Larimer wins $30M development grant

 

c galante
HUD Assistant Secretary Carol Galante addresses a packed house at Kingsley Association as Pittsburgh Mayor Bill Peduto and Kingsley Executive Director Malik Bankston look on. (Courtesy Photo/PUM)

The plan to revitalize Larimer with more than 350 units on new mixed-income housing units, retail, light industrial and green space beat out applications from 40 other cities to win a $30 million Choice Neighborhoods grant from the U.S. Department of Housing and Urban Development.

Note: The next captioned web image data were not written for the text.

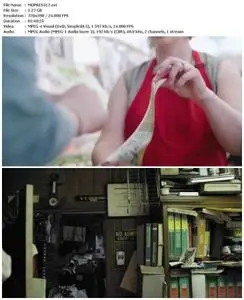 Pressing On: The Letterpress Film (2017)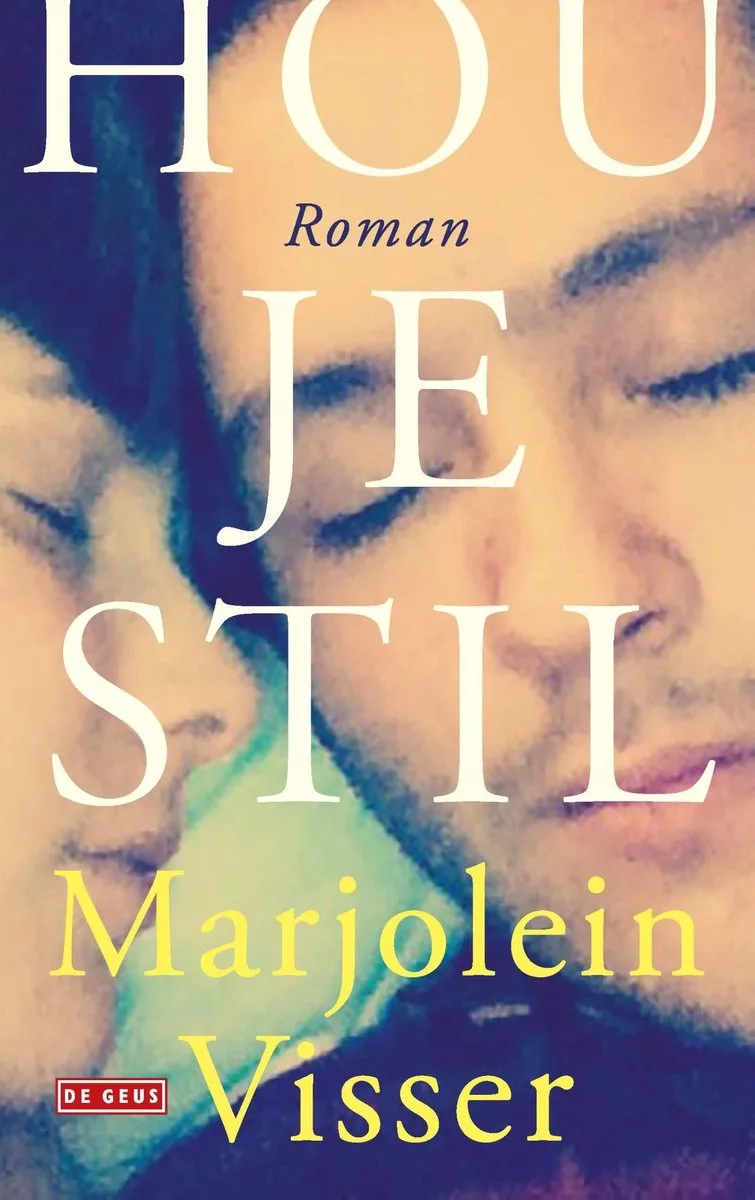 Hou je stil von De Geus – Buchfoto
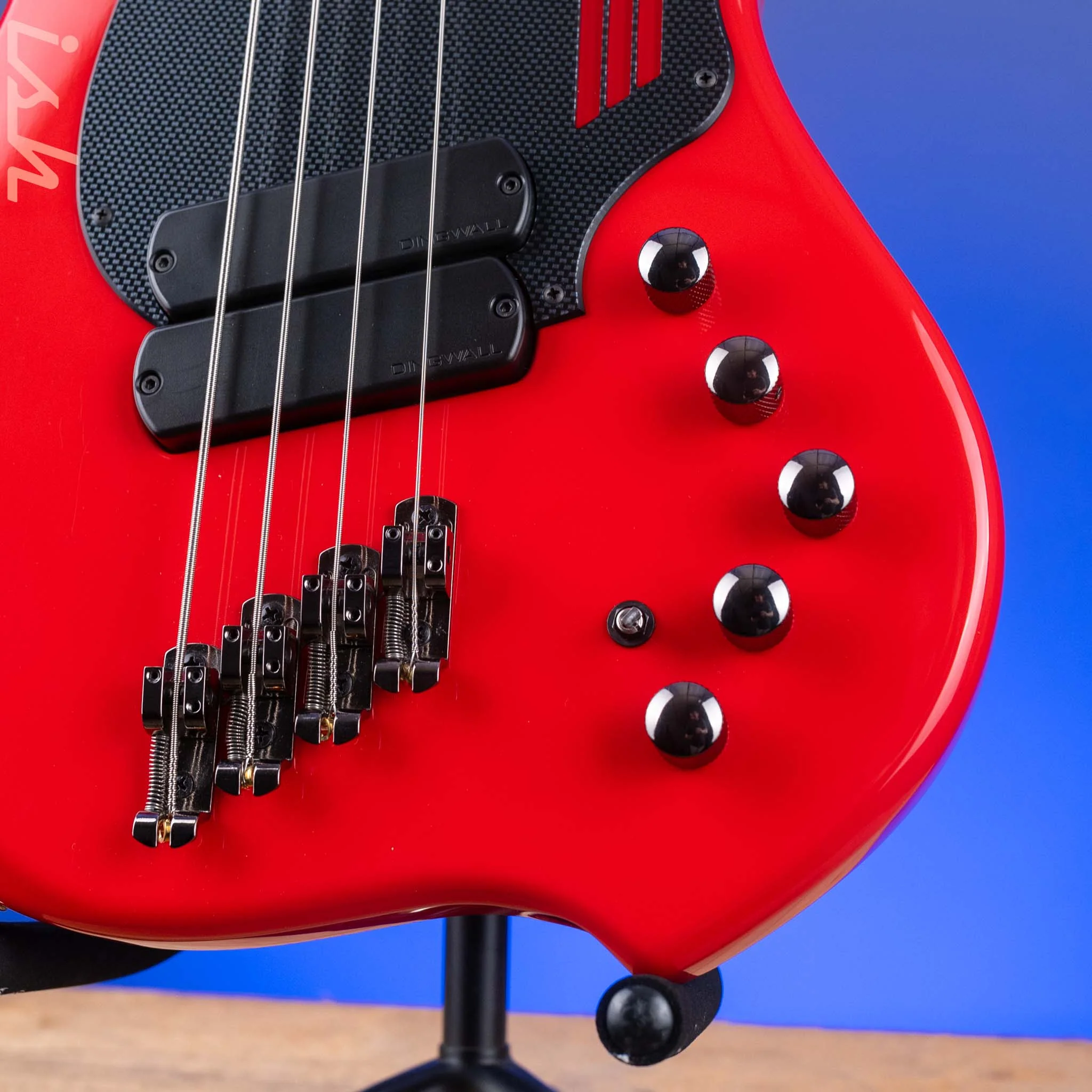 2018 Dingwall NG-2 Ferrari Red - Image 4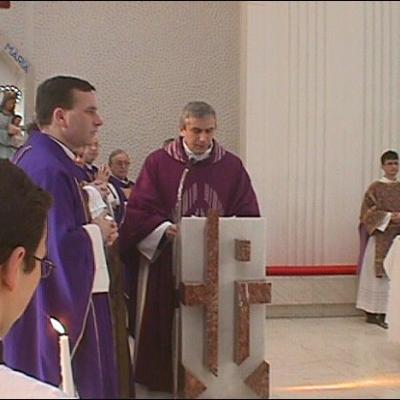 Ministerele acolitatului şi lectoratului la Seminarul din Iaşi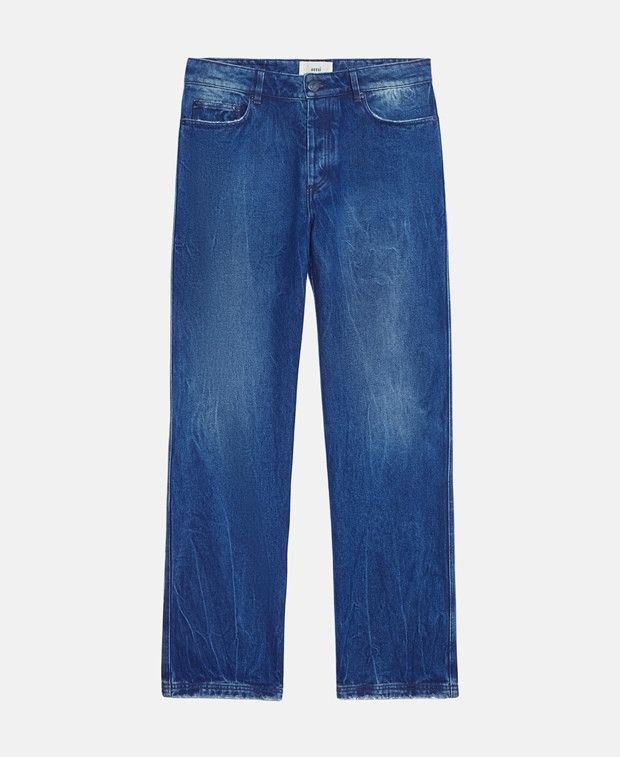 AMI Straight-leg jeans Size US 28 / EU 44 - 1 Thumbnail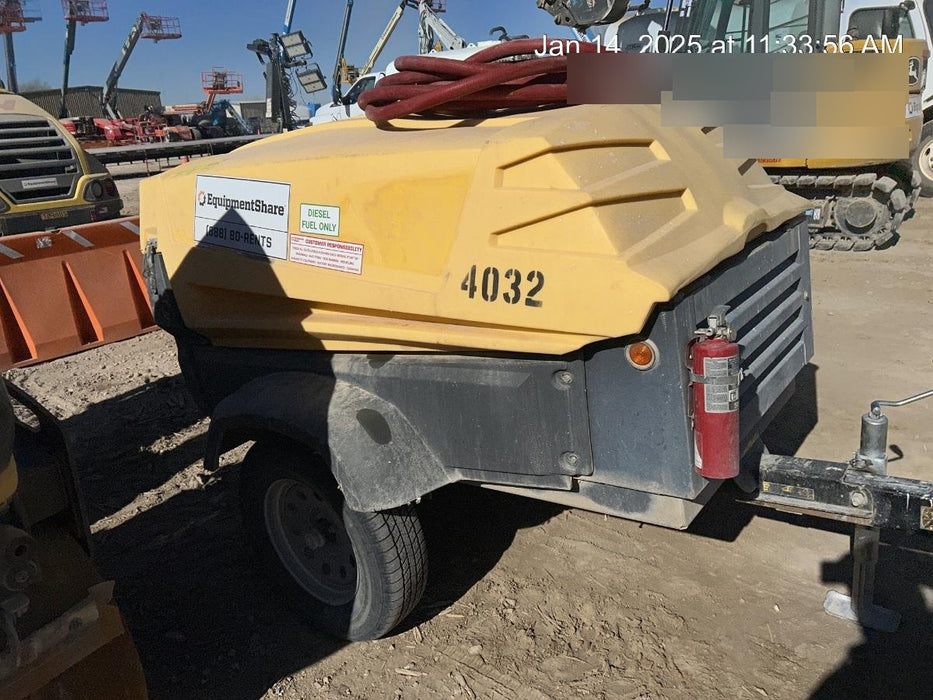 2017 ATLAS COPCO XAS185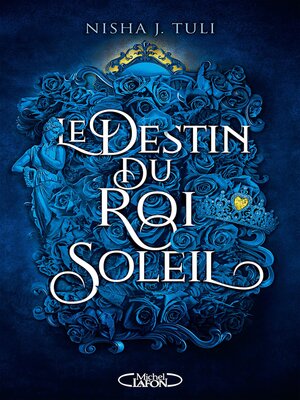 cover image of Le destin du roi Soleil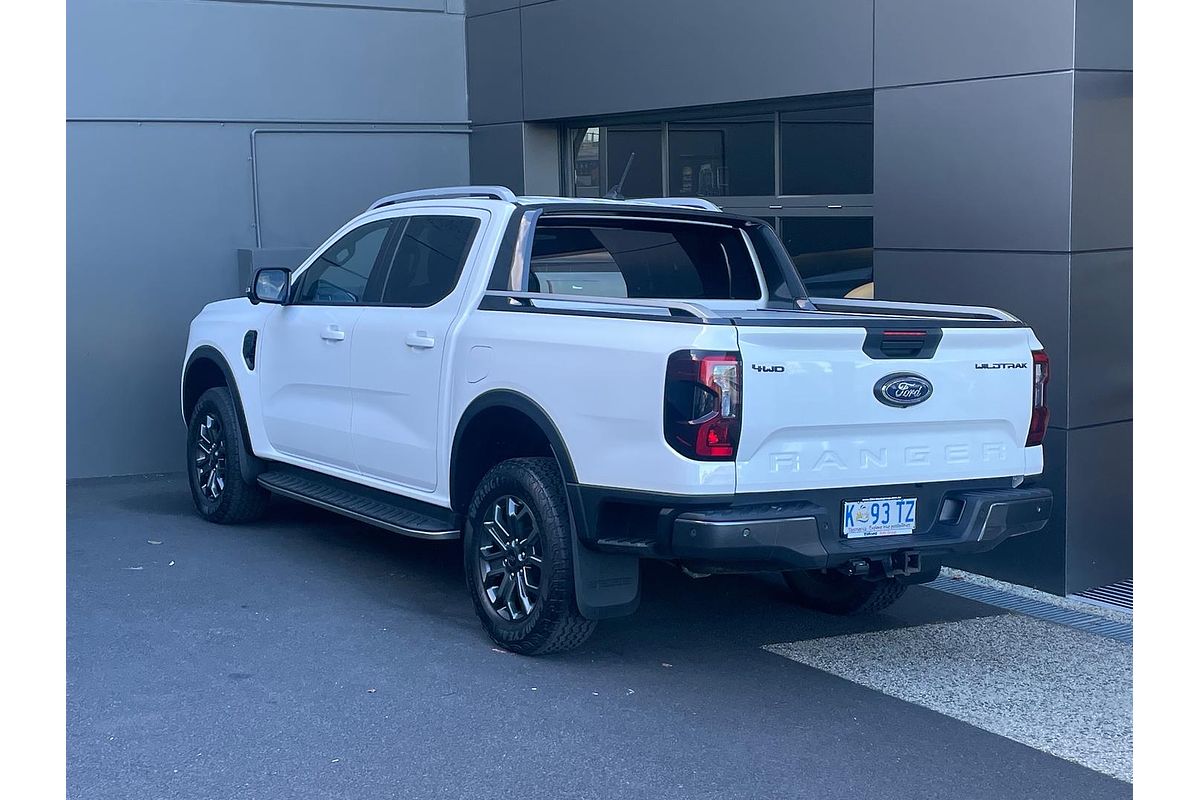 2022 Ford Ranger Wildtrak 4X4 3.0L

Though the plan was championed by Pittsburgh Councilman Rev. Ricky Burgess, he was not present during Pittsburgh Mayor Bill Peduto’s meeting announcing the grant award. Those who did attend included HUD Assistant Secretary for Housing Carol Galante; U.S. Rep. Mike Doyle, D-Pittsburgh; Allegheny County Executive Rich Fitzgerald; Housing Authority of the City of Pittsburgh Executive Director Caster Binion; and Kingsley Association Executive Director Malik Bankston.

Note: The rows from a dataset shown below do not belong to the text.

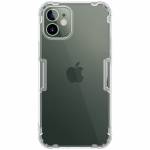 Прозрачный силиконовый чехол Nillkin Nature Series TPU для Apple iPhone 12 Mini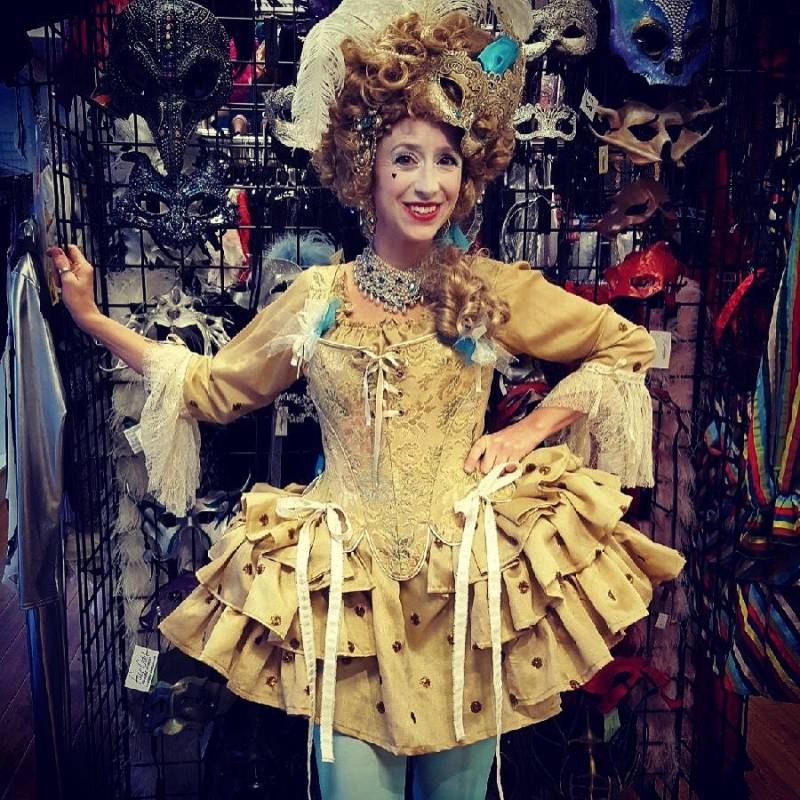 Rustle Ruffle Pannier Karneval Kostüm Cosplay Festival Maskerade Märchen, 18Th Century Alle Größen Plus Größenverstellbar von PeriodCorsets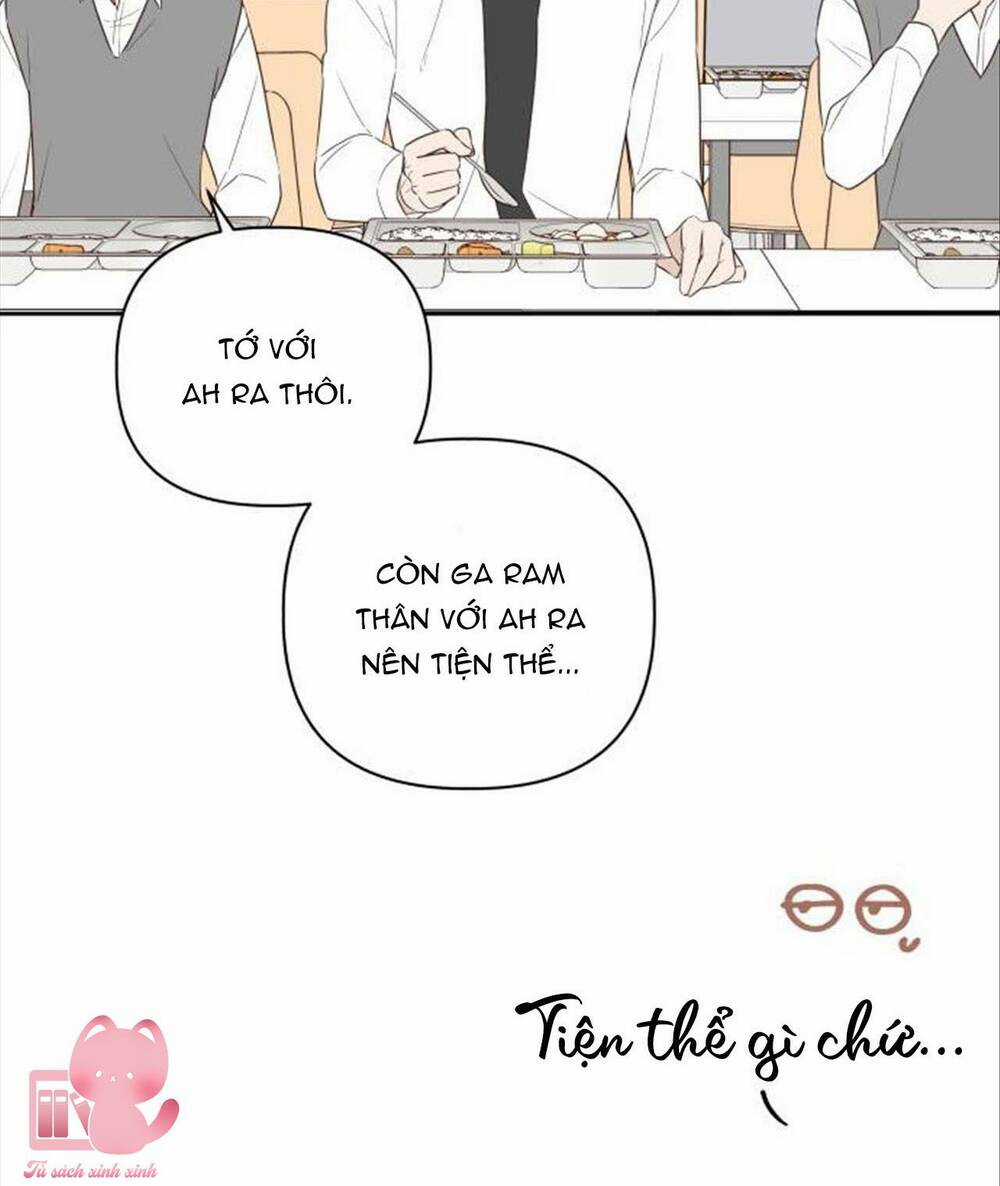 Ranh Giới Tình Yêu - Chapter 2 - Trang 33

During a recent interview Binion told the New Pittsburgh Courier the Choice Neighborhoods grant was key to realizing the plan.
“It’s huge, especially since we were competing with Philadelphia, and they rarely award two grants in the same state,” he said.

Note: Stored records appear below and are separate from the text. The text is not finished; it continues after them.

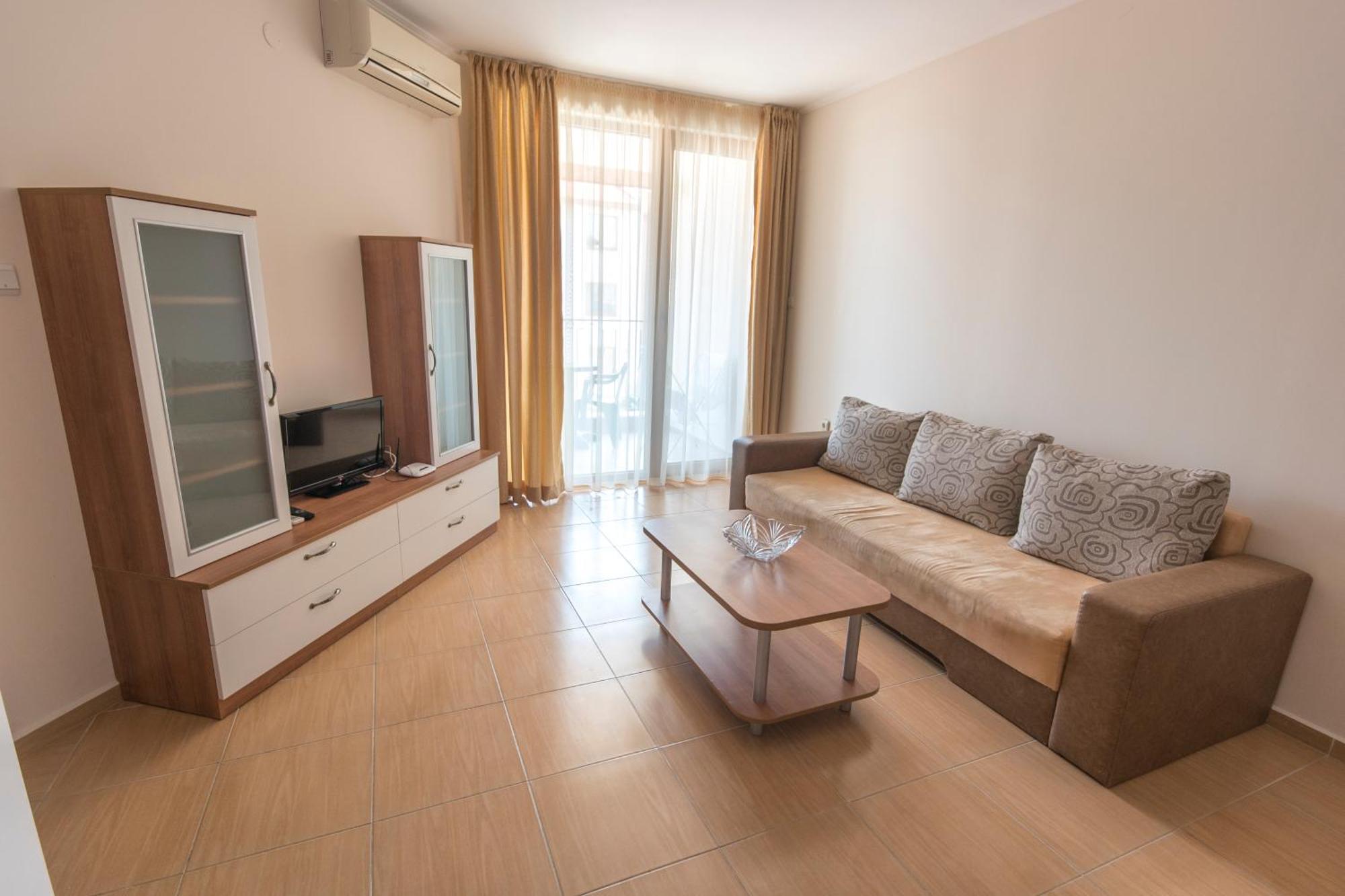 Apollon Apartments Nesebar Esterno foto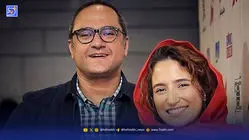 عکس جنجالی همسران رامبد جوان؛ هووها در کنار هم!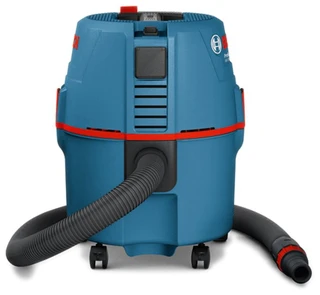 Строительный пылесос Bosch GAS 20 L SFC синий 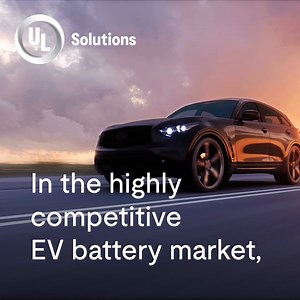 To stand out in the electric vehicle (EV) market’s deep field of competition, original equipment manufacturers (OEMs) must be able to validate the key metrics that differentiate their products. UL Solutions can help. Learn more here: https://s.ul.com/4frcMlV #EVperformance #EVbatteries #EVtesting | UL Solutions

“The grant will allow us to leverage another $60 million in cash investment immediately, plus more than $200 million in services and support funding,” he said.
Binion also said the February award of $1 million in tax credits from the Pennsylvania Housing Finance Agency helped secure the HUD grant. Besides Pittsburgh and Philadelphia, the only other communities to win the Choice Housing grants were Columbus, Ohio and Norwalk, CT.
Despite campaigning against such massive projects, favoring more smaller-scale developments, Peduto worked with federal representatives like Doyle and Sen. Bob Casey, D-Pa, to promote the Larimer application, and met personally with HUD Secretary Shaun Donovan while in Washington, DC. earlier this year.
“For too long, Larimer has suffered while its neighboring communities have experienced booming growth,” said Peduto. “Largely due to hard work by community groups and other stakeholders in Larimer, today we are a step closer to making this proud community join in the successes around it.”
Burgess called the grant “transformative.”
“It’s my belief that you have to do thing in scale for low- and moderate-income communities,” he said. “And the mayor and I have been working on an initiative to apply the success of the Larimer Plan citywide. It’s called Priority Neighborhoods will involve creating comprehensive plans for the most challenged communities, because we’ve learned from Larimer that if you want to redo a community, it has to be comprehensive.”
The Choice Neighborhoods program is designed to support public-private projects that replace distressed public housing with better-quality mixed-income units, improve education, safety and commercial activity and access to social services.